Take a Decision Pause

To slow down decision-making to be more thoughtful and engage in a deeper analysis, we need clear mechanisms for productively leaning into and learning from conflict, tensions, and uncertainties. Pausing allows for team reflection and the inclusion of diverse perspectives.

USE THIS IN ORDER TO…

  • Reduce contrived urgency in decision-making.

  • Develop more distributed leadership and shared decision-making.


KEY COMPONENTS

  1. All stakeholders need to be invited to meetings and must be given equal time to talk. Leadership may need to deliberately hold back from speaking first so that team members feel they can speak freely.

  2. Create shared norms for the conversation.

  3. Ask team members to play devil’s advocate – putting forward the most compelling arguments they can come up with both for and against an idea.

  4. Once the group has made a decision about which direction will be taken, honor that decision.

  5. Schedule a follow-up meeting if a decision cannot be reached to reduce urgency.

CONSIDERATIONS FOR REMOTE IMPLEMENTATION

  1. In a semi-remote environment, where some participants are together in a physical space and some are remote, create a consistent way for all participants to join a meeting via their laptop using a video meeting platform.

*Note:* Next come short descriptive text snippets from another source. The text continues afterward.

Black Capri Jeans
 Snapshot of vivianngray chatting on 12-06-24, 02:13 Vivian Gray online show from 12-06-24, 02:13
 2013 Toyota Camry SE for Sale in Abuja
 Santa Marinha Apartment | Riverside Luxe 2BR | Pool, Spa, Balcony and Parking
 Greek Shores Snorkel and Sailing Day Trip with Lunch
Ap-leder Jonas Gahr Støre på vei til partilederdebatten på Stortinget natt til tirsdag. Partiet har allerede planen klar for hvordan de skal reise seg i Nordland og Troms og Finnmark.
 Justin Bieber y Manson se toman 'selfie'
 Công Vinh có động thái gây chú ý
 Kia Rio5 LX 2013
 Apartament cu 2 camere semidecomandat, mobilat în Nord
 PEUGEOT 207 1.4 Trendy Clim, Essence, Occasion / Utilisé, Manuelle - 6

  2. Use collaborative documents for participants to share ideas. This can be done before, during, or after meetings, and this approach helps ensure that everyone’s voice gets included.


ARTIFACTS & RESOURCES

“Our team has been working toward distributed leadership – making sure that a broader group of team members have a voice in key decisions. To do that well, we needed new protocols to ensure we could evaluate all of the implications of a decision, process disagreements, and ultimately come to an informed consensus that everyone can get behind.”